Dr Chee, who is contesting Holland-Bulit Timah GRC at the Sept 11 polls, had first raised the issue at a lunchtime rally on Monday, hitting out at decisions by GIC and Temasek to invest in Citigroup, UBS, Merrill Lynch and Barclays during the 2008 global financial crisis.
He said the move then had resulted in both GIC and Temasek recording significant losses of several billions in investments.
Speaking at a walkabout on Tuesday with his four-member GRC team, Dr Chee again questioned why GIC and Temasek had taken the decisions to make the investments. He added that it was only through "a stroke of good fortune" that they were able to recover from the investments as they had benefitted from a decision by the United States government at the time to launch a bank bailout to stem the impact of the financial crisis.

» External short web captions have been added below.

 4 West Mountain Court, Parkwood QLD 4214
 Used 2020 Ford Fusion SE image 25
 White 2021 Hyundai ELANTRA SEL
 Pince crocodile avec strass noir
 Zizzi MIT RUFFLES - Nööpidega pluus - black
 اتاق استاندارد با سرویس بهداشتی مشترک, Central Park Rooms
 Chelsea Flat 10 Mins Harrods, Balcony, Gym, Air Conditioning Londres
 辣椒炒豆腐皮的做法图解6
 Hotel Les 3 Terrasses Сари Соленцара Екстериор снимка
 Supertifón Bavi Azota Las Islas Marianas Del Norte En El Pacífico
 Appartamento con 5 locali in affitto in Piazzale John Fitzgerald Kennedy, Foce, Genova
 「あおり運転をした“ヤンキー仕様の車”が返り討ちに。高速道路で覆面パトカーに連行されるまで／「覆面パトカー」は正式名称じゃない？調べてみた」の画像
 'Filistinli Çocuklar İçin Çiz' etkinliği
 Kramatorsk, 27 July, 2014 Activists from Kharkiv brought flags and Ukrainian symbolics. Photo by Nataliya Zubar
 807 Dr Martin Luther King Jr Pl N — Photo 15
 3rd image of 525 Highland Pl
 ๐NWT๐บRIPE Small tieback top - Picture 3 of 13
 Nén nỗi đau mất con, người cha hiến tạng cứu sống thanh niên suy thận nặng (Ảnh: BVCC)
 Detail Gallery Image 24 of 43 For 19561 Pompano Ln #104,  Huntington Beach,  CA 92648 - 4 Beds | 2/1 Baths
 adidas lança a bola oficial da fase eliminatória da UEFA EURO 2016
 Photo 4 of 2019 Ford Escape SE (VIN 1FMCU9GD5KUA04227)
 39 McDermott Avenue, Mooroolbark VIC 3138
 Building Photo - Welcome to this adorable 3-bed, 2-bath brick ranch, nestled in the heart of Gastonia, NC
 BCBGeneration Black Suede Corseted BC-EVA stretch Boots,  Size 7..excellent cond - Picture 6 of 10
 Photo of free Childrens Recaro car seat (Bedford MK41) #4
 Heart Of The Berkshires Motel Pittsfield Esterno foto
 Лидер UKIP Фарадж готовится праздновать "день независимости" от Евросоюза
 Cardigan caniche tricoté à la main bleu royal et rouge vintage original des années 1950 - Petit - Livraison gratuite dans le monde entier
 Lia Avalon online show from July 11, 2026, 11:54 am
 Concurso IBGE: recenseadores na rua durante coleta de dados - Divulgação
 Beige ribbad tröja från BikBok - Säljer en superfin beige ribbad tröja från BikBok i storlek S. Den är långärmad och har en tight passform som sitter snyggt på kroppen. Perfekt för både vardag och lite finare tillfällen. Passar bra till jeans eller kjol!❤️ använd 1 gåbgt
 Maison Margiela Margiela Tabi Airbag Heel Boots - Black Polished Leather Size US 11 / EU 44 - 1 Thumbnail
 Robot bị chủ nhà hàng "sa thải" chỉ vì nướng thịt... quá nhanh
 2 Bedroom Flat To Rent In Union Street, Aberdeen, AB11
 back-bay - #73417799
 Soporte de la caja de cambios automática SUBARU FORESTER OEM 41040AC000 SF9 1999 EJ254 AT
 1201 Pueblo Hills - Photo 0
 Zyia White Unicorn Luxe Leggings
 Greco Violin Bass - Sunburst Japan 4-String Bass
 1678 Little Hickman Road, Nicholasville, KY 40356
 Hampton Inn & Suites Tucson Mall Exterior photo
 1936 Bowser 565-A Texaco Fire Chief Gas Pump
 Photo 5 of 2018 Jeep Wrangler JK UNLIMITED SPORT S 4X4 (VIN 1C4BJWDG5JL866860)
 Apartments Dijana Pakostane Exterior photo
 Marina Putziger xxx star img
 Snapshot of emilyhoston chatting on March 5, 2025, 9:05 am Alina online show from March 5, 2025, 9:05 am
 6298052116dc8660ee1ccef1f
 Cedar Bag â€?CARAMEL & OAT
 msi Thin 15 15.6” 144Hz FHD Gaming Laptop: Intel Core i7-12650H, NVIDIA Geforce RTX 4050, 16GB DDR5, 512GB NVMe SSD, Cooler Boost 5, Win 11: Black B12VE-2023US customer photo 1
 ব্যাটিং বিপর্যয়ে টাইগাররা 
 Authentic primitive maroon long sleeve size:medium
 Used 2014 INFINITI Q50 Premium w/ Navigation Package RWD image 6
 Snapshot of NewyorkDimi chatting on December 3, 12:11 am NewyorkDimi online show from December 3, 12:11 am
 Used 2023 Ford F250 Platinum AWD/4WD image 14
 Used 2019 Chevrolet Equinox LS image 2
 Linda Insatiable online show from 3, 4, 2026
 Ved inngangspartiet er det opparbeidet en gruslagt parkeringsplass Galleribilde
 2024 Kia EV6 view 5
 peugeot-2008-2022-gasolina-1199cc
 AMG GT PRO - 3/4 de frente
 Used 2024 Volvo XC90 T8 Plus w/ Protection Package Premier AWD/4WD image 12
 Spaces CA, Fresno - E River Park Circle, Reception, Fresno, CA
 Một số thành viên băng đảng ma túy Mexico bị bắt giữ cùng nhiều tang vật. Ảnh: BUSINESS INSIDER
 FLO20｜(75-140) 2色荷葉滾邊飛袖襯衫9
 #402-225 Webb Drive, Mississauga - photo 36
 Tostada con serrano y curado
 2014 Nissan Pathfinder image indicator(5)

"Why despite all the warnings coming out, why did (Temasek and GIC) invest in Barclays, Citigroup, UBS and Merrill Lynch? They've said that they've bounced back... but that was not because of anything that they did," he said.
Dr Chee wants both Temasek and GIC to "open up its books", claiming that the amount that Temasek said it "makes in its returns and the amount in its books just don't match at all".
"When you say you make so much money, open up your books for experts to come in and inspect. This is not a private company we're taking about... This is a public corporation owned by Singaporeans. If we are all going to be shareholders, then we have every right to know whether what they're telling us is accurate or not," he said.
The Finance Ministry has repeatedly said that the Government plays no role in decisions on individual investments made by GIC and Temasek.
However, Temasek chief executive Ho Ching had on Monday put up a statement on Facebook explaining how the state investment company manages its reserves and allocates a portion of its earnings and returns on investments.
She had written that some of Singapore's reserves are set aside for the future, while a portion of the earnings and returns generated are spent on the present generation. This, she said, was a way of ensuring fair sharing between generations and has helped Singapore maintain its position among the world's few triple-A credit rated countries.
Writing in another post on Tuesday, Ms Ho also explained how sovereign wealth funds worked. In the post, she also elaborated on Net Investment Income (NII) contributions.
"Put simply NII is Net Investment Income - this includes actual dividends received, such as from Temasek, and also interest and dividends received by Singov from investing its reserves through GIC in bonds, shares and other opportunities. This is real cashflow into the government kitty," she wrote.
Meanwhile, Dr Chee's Holland-Bukit Timah GRC teammate Paul Tambyah, who was also canvassing for votes with Dr Chee on Tuesday, clarified remarks he made at Monday's lunchtime rally where he said that there were many in the opposition parties who believed that Deputy Prime Minister Tharman Shanmugaratnam would make a good Prime Minister.
He said that many of them also hoped that Mr Tharman would have a falling out with Prime Minister Lee Hsien Loong and move to lead a grand coalition of opposition parties.
"There was no intention to sow discord... That was actually a fantasy on the part of the opposition parties," he said. "Everyone thinks that if we get DPM Tharman, then everything will change for the opposition but of course the chances of that happening are slim to none."